The Park City City Council is ready to help a Wichita developer renovate the Britt Brown Arena at the Kansas Coliseum, if the arena can be annexed into the city.
The council on Tuesday night approved a letter of intent to issue up to $5 million in industrial revenue bonds for Wichita developer Johnny Stevens’ plan to turn the arena into an industrial center, city administrator Jack Whitson said Wednesday. Stevens plans to gut and remodel the arena for use by the National Institute for Aviation Research, but no formal agreement is in place and other tenants remain a possibility.
“Anything we can get up here business-wise we’re interested in,” Whitson said, “especially if it brings jobs, economic development and a developer with a solid track record like this one.”
If the deal with NIAR goes forward, it would relocate 80 full-time jobs to the converted arena, Whitson said, along with jobs at the adjoining pavilions, which Stevens has pledged to operate.
NIAR executive director John Tomblin could not be reached for comment Wednesday.
The letter of intent is contingent on Stevens finalizing the purchase of the arena and its pavilions from Sedgwick County for $1.5 million, a deal that has to be completed by Jan. 16, Whitson said.
It’s also contingent on the city’s ability to annex the Coliseum ground.
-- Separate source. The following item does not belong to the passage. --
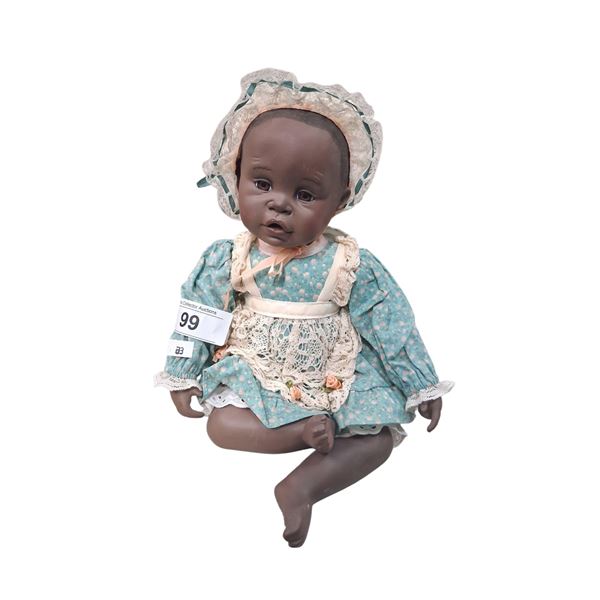 Black Americana porcelain doll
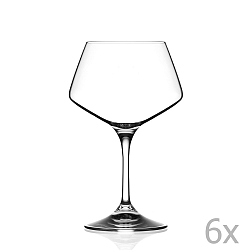 Sada 6 sklenic na víno RCR Cristalleria Italiana Grazia, 501 ml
That would essentially tie Park City land to the immediate east with annexed land just east of I-35, also owned by Stevens. Stevens, a longtime opponent of public incentives for private development, did not return calls seeking comment.
“We can’t give him the IRBs right now because the facility’s not part of Park City,” Whitson said. “It’s touching the city, basically, so it’s not a big stretch.”
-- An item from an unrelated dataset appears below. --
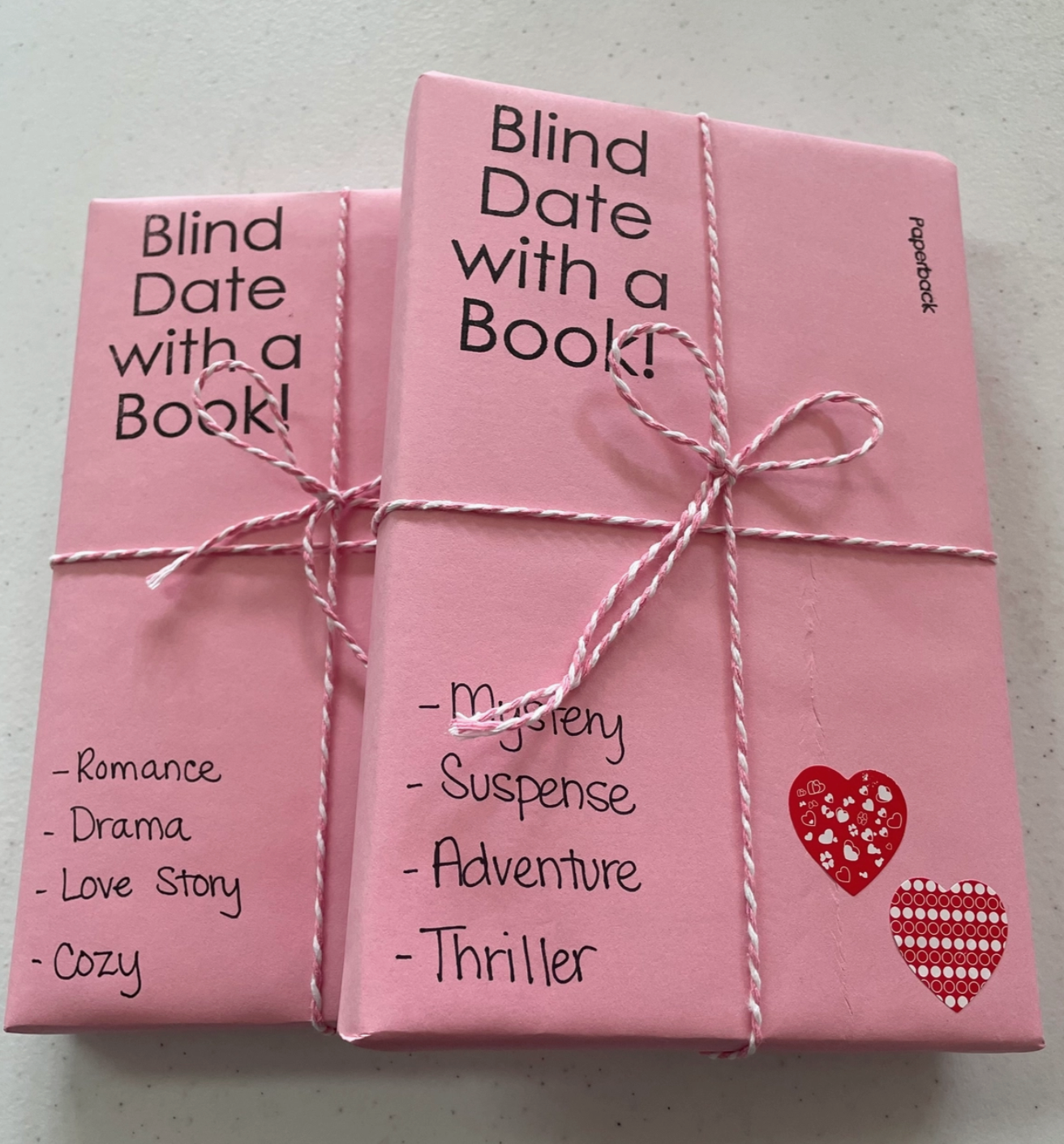 Blind Date with a Book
Whitson said the city also wants assurances that a tenant has been finalized before it approves any bonds, even IRBs, which are sold to investors without the city incurring any liability for repayment.
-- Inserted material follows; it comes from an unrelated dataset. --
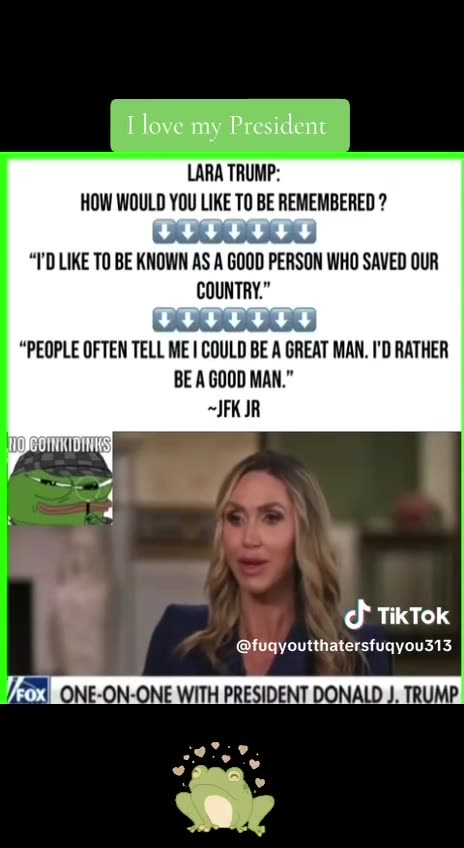 President Trump - The Chosen One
Commission chairman Dave Unruh said Sedgwick County won’t stand in the way of any annexation once the sale closes.
“We want this project to go forward, so anything it takes for the buyer to be successful, we will work with him,” Unruh said. “If we close the deal with Stevens and (fellow investor Steve) Barrett and their group, it’s their property and we’re perfectly willing to allow the annexation.”
Stevens told the Park City council that his first step once the sale closes next month is to get a roof on the arena, Whitson said. The letter of intent will enable Stevens to obtain a sales tax exemption for the materials involved in the roof project.
“The roof of that building’s in terrible shape, and he’s got to get right on it,” Whitson said. “We don’t want to stand in the way of that.”
Whitson said the arena renovation is an “enormous project.”
“He’s essentially talking about taking all the seats and the dirt out of the Coliseum to the outside walls,” Whitson said. “That’s why the thing’s going to cost that much.”
Once the sale closes and a tenant is signed, Whitson said he expects Stevens back before his council in late January.